> _What is expected_: Leave out pictures; repeat exactly the lines from the "Image of two" line through the last of the data below.
=-=-=-=-=
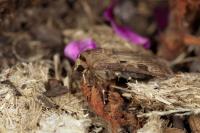 Agrotis exclamationis
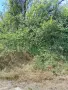 Продавам парцел, снимка 2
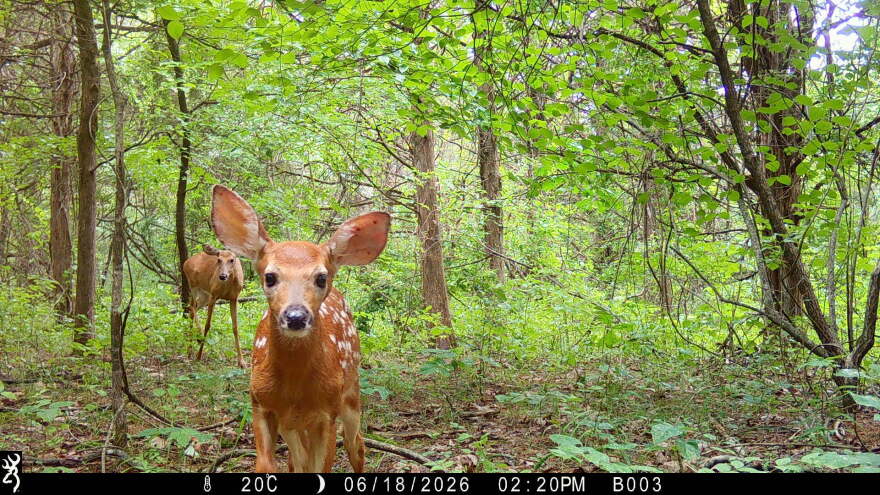 Image of two deer looking at a wildlife camera in Baskett Forest.
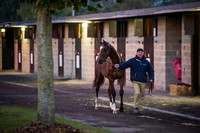Goffs Orby 2015 -17
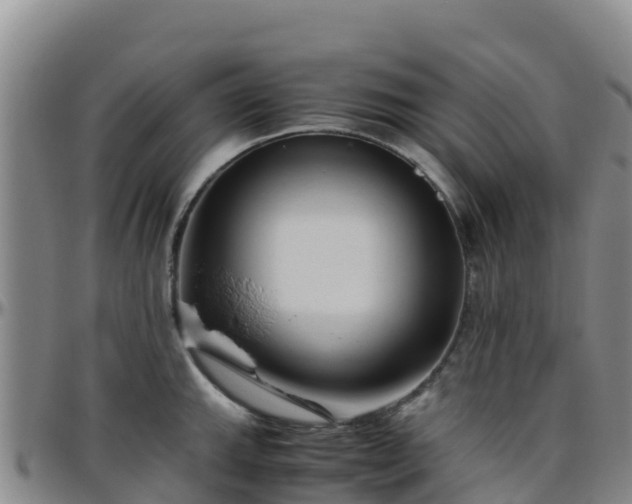 X0000096461143200801311506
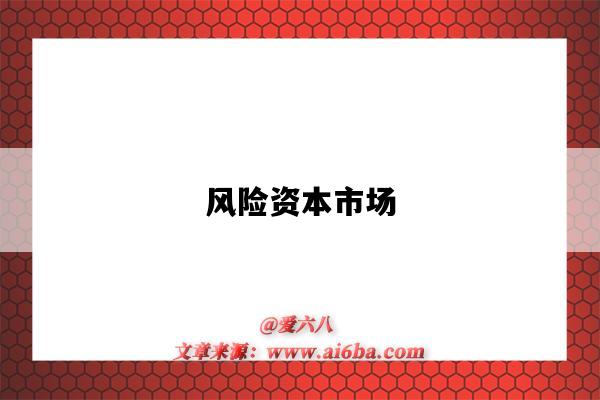 风险资本市场-图1 风险资本市场-图1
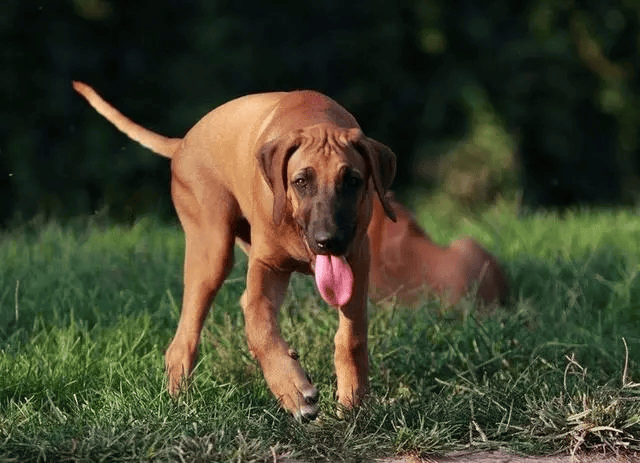 打猎嗅觉最好的犬图片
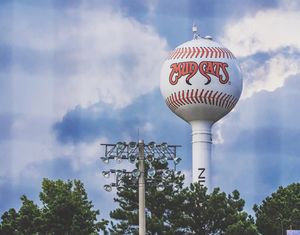 Image post by @carolinamudcats on Instagram
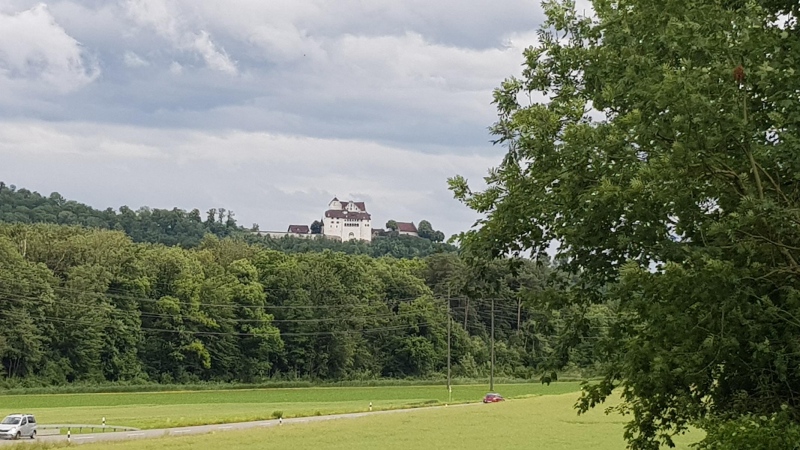 Blick zum Schloss Wildegg, Veltheim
=-=-=-=-=
> _Solution to this problem_:
 Image of two deer looking at a wildlife camera in Baskett Forest.
Goffs Orby 2015 -17
 X0000096461143200801311506
 风险资本市场-图1 风险资本市场-图1
 打猎嗅觉最好的犬图片
 Image post by @carolinamudcats on Instagram
 Blick zum Schloss Wildegg, Veltheim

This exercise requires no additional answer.